Vol. 7, No. 13 Week of March 31, 2002

Consortium abandons exploration well in Central Mackenzie Valley

Data from well identifies leads; drilling locations to be evaluated over next two winter drilling seasons; exploration license near aging Norman Wells oilfield

Gary Park

PNA Canadian Correspondent

International Frontier Resources Corp. has abandoned a wildcat well that is part of a program aimed at expanding the most northerly producing oil field in Canada.

The Devo Creek P-45 well was spudded Jan. 5 in the Central Mackenzie Valley of the Northwest Territories about 20 miles west of the Norman Wells field, which was discovered in 1920.

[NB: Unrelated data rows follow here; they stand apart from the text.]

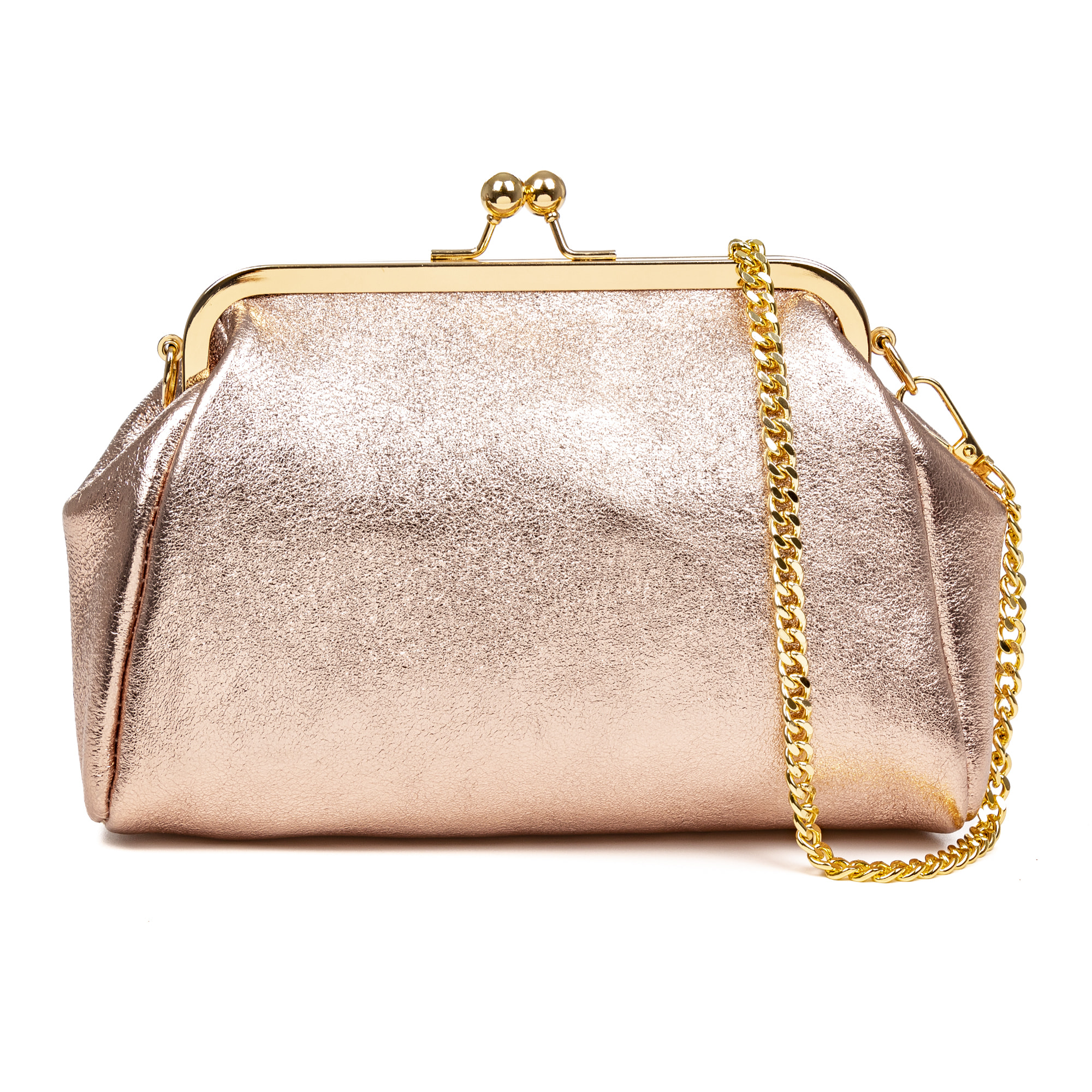 Ambivere borsa a mano Donna. Pelle autentica Suede finitura lucida laccata.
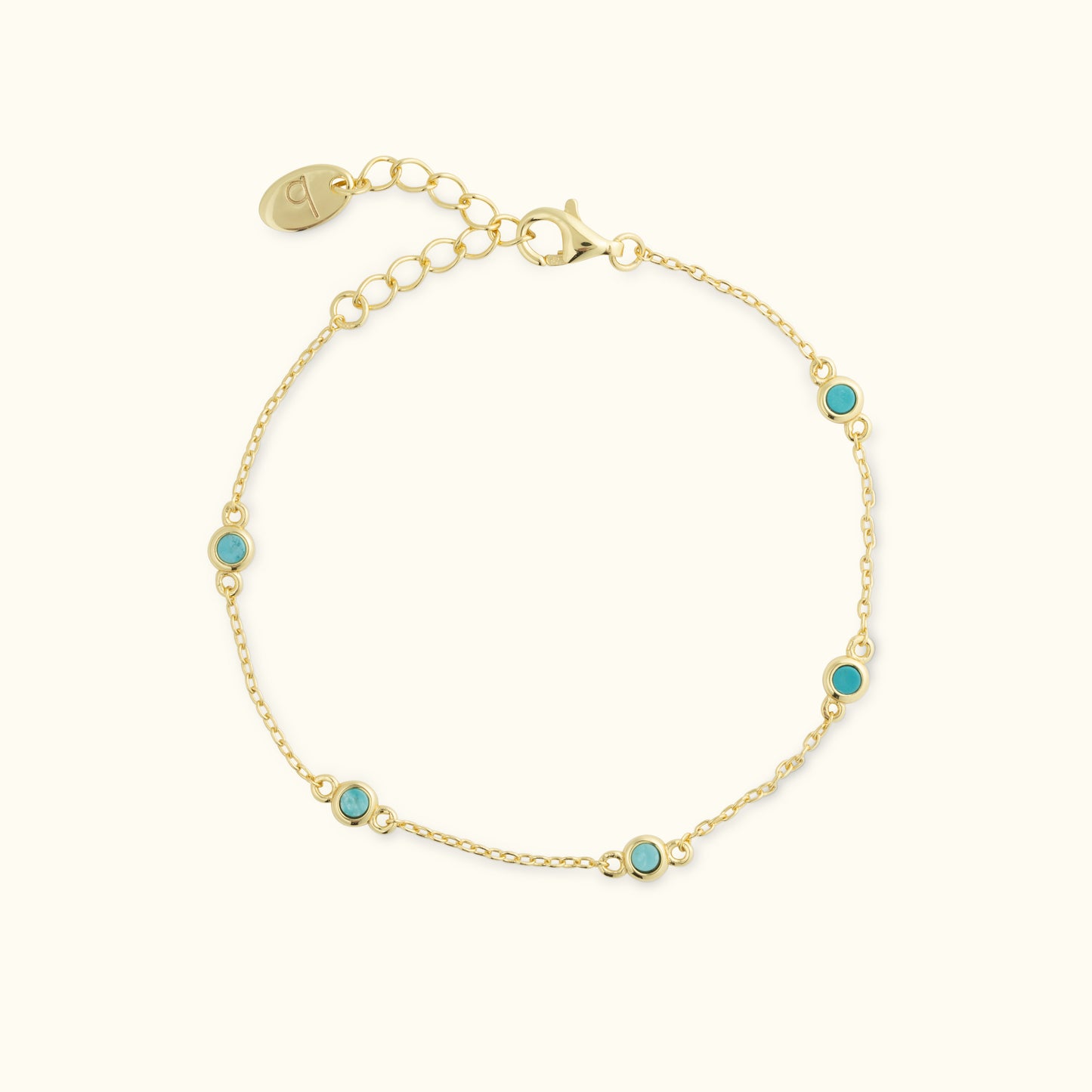 Mini Gem Chain Bracelet - Turquoise
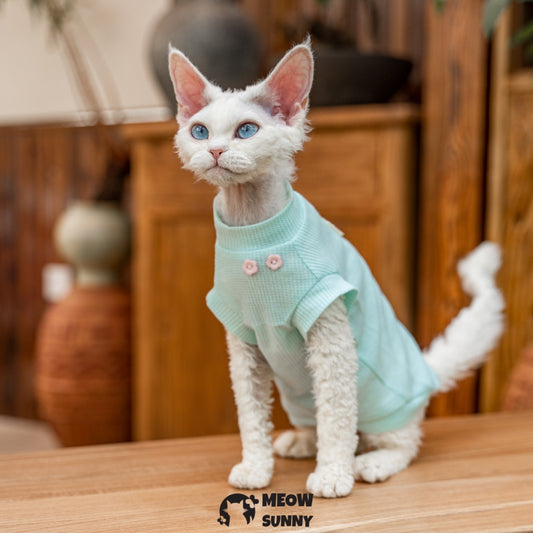 Sphynx Hairless Cat Summer Cotton cool quick-drying Blue T-Shirts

IFR said the 8,200-foot well tested multiple targets on Exploration License 401 held by a consortium of six companies, with EOG Resources Canada Inc. as operator.

It said an interpretation of the data has identified a number of prospect leads and firm drilling locations that will be evaluated during the next two winter drilling seasons.

The consortium is seen as the best immediate hope for pumping fresh life into the Norman Wells area, where 180 million barrels have been produced so far, but an Enbridge Inc. pipeline to Zama in northwestern Alberta is operating at only half of its capacity of 50,000 barrels per day.

Since a 20-year exploration moratorium was removed in 1995, the consortium has been awarded four licenses covering 1.1 million gross acres.

1997 lease, surface access

In 1997 IFR also negotiated freehold lease and surface access agreements, along with a benefits plan with the Sahtu Tulita District Land Corp. — one of the first deals to be reached between the petroleum industry and the First Nations since the signing of a land claim with the Canadian government.

Through various farm-outs, IFR 10.875 percent formed a consortium with Northrock Resources Ltd. (a wholly owned subsidiary of Unocal Corp.) 32.5 percent, Anadarko Canada Energy Ltd. 32.5 percent, EOG Resources Canada 17.5 percent and Pacific Rodera Ventures Inc. 6.25 percent.

The consortium has spent C$16 million exploring the area; 500 miles of two-dimensional seismic and two large aero-magnetic surveys have been acquired; and the partners plan to spend another C$31 million on future exploration.

A total of eight prospective plays have been identified, ranging in depths from 1,150 feet to 11,500 feet, with drilling costs estimated at C$8 million to C$13 million per well.

Reserve estimates range from 10 million to 200 million barrels for oil prospects and 200 billion to 850 billion cubic feet for gas prospects.